> _INPUT RECORDS_

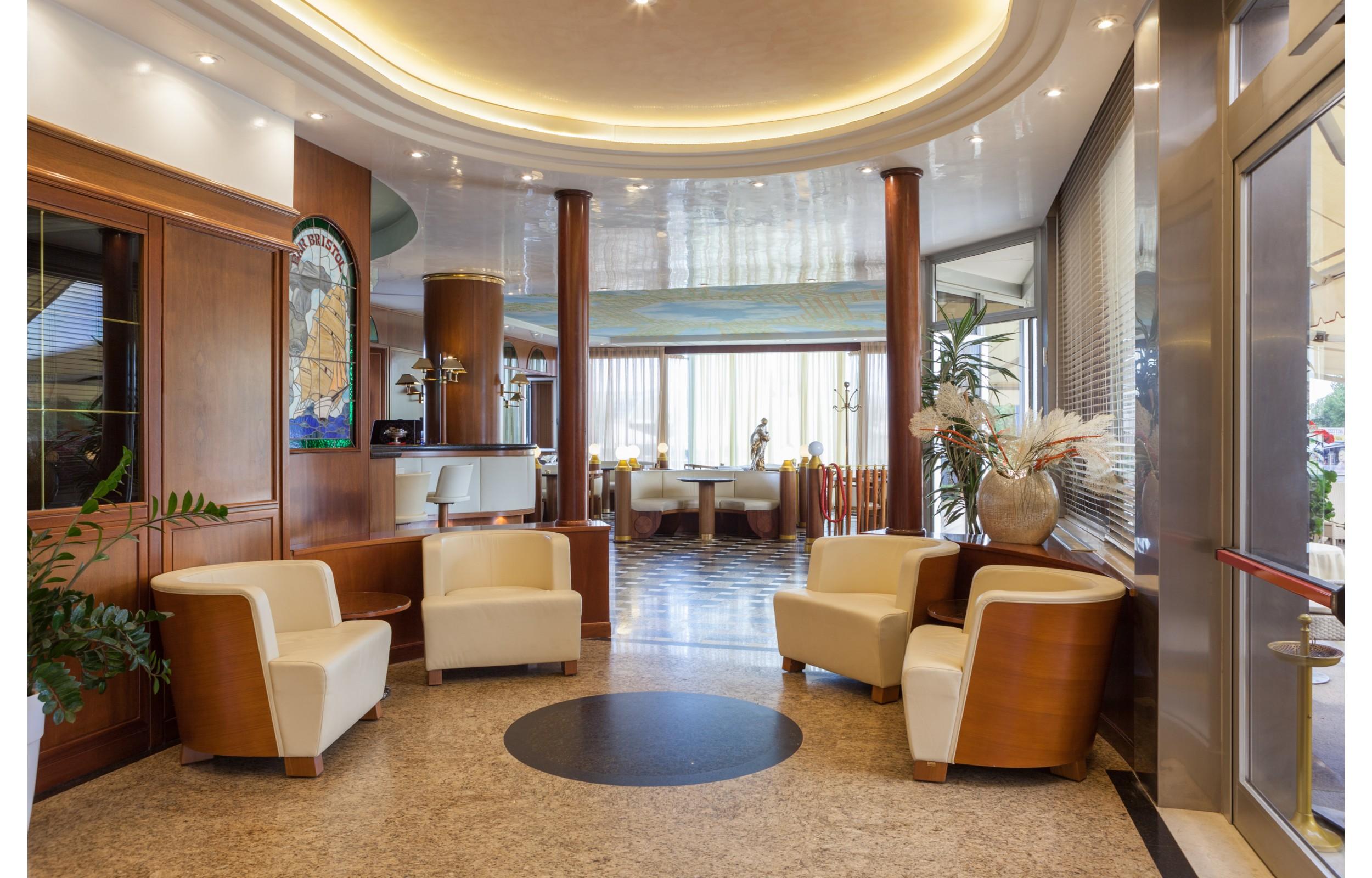 Hotel Bristol Sottomarina Exterior photo
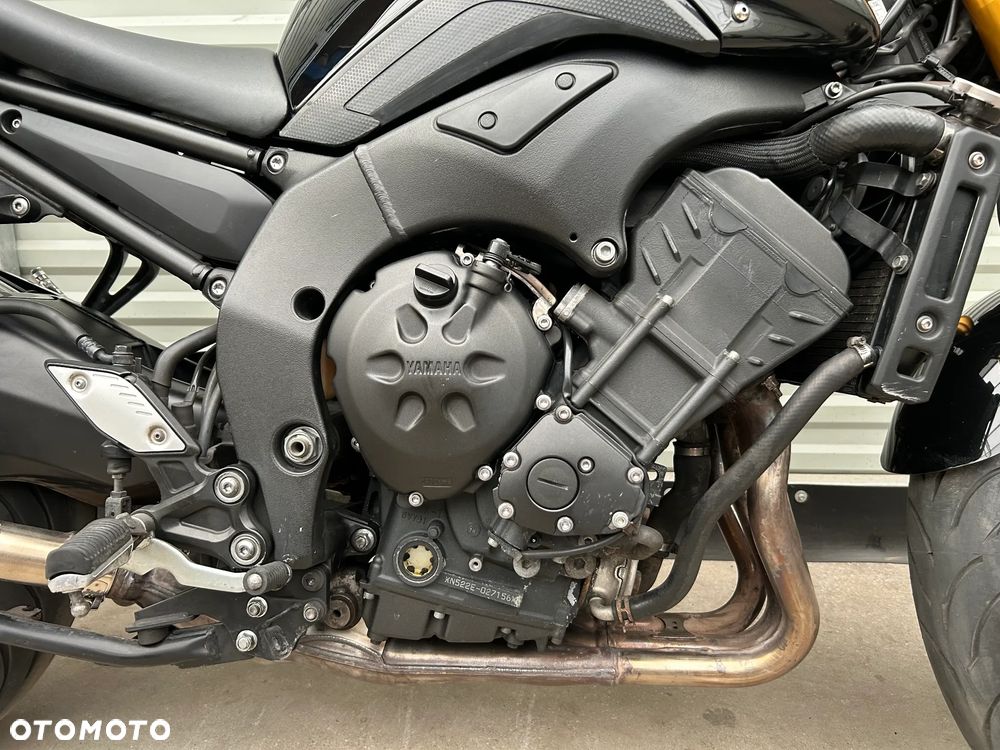 Yamaha FZ8 - 17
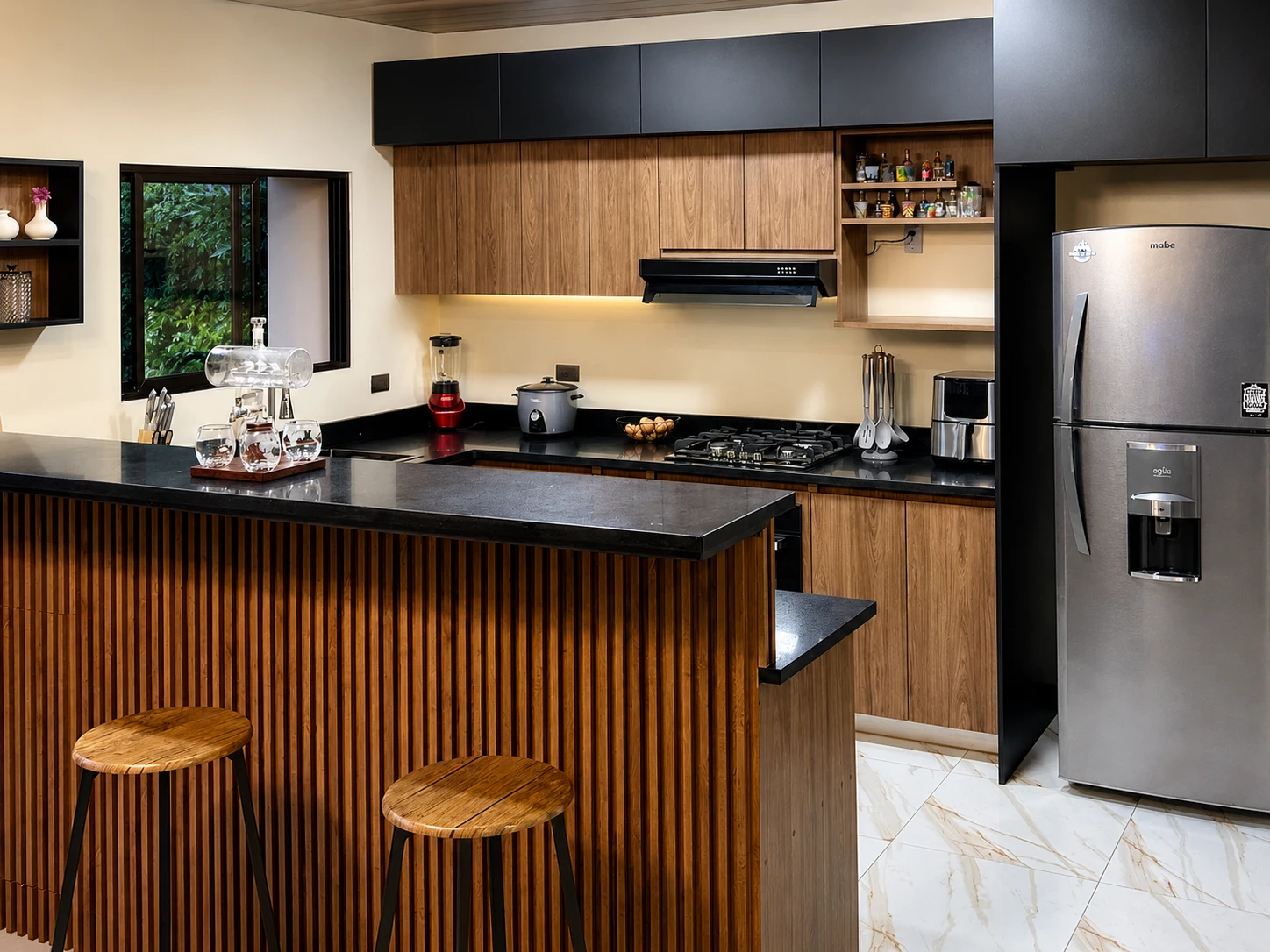 Showroom de Vicolo CR con cocina personalizada y ambiente social contemporáneo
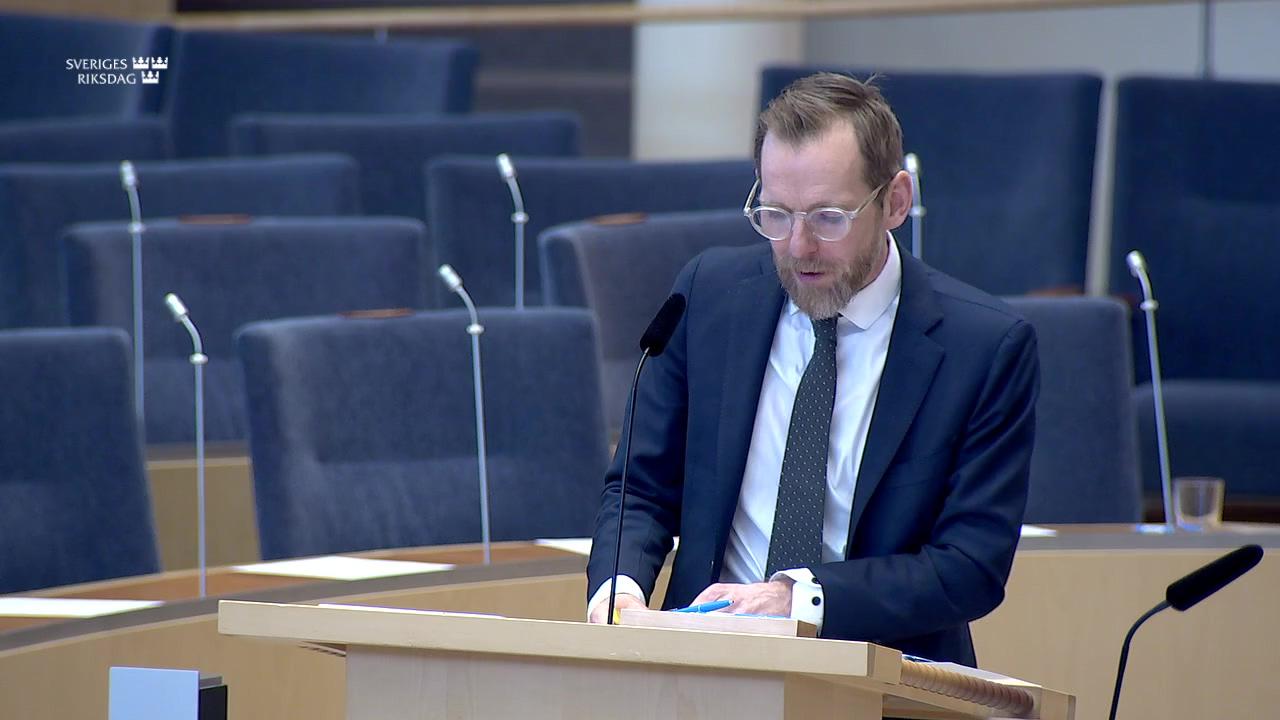 Stillbild från Interpellationsdebatt, Avveckling av moskéer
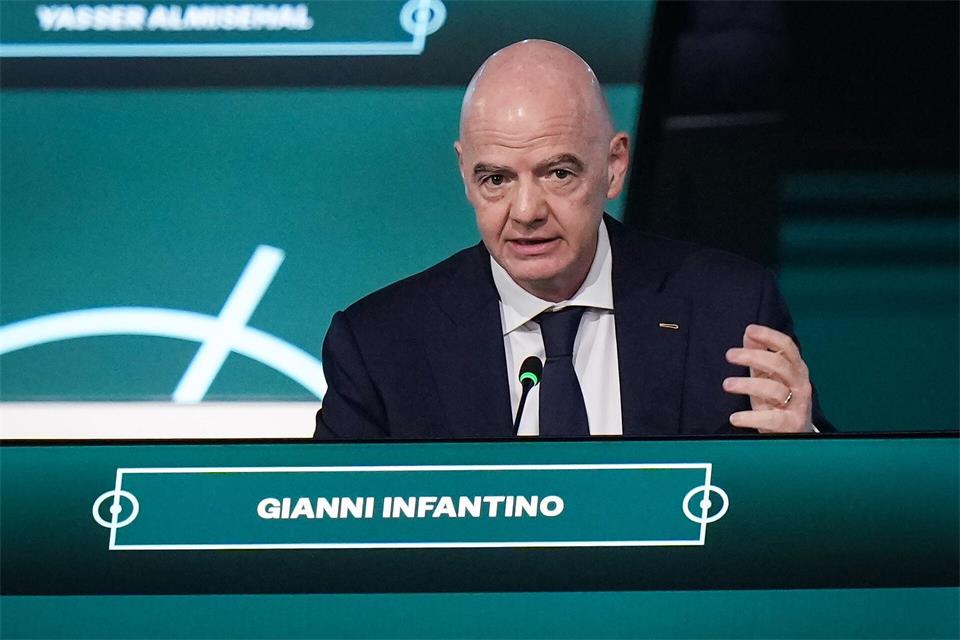 Der Druck auf Gianni Infantino wächst. (Archivbild)Darryl Dyck/The Canadian Press/AP/dpa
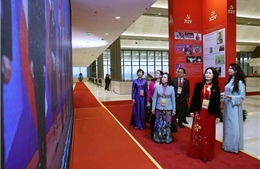 Trưng bày ảnh 'Dưới cờ Đảng - Đất nước tiến vào Kỷ nguyên mới' thu hút sự quan tâm của các đại biểu dự Đại hội XIV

> _REQUIREMENT_
What is needed is an exact copy of the data, without any pictures.

> _ANSWER BELOW_
 Hotel Bristol Sottomarina Exterior photo
 Yamaha FZ8 - 17
 Showroom de Vicolo CR con cocina personalizada y ambiente social contemporáneo
 Stillbild från Interpellationsdebatt, Avveckling av moskéer
 Der Druck auf Gianni Infantino wächst. (Archivbild)Darryl Dyck/The Canadian Press/AP/dpa
 Trưng bày ảnh 'Dưới cờ Đảng - Đất nước tiến vào Kỷ nguyên mới' thu hút sự quan tâm của các đại biểu dự Đại hội XIV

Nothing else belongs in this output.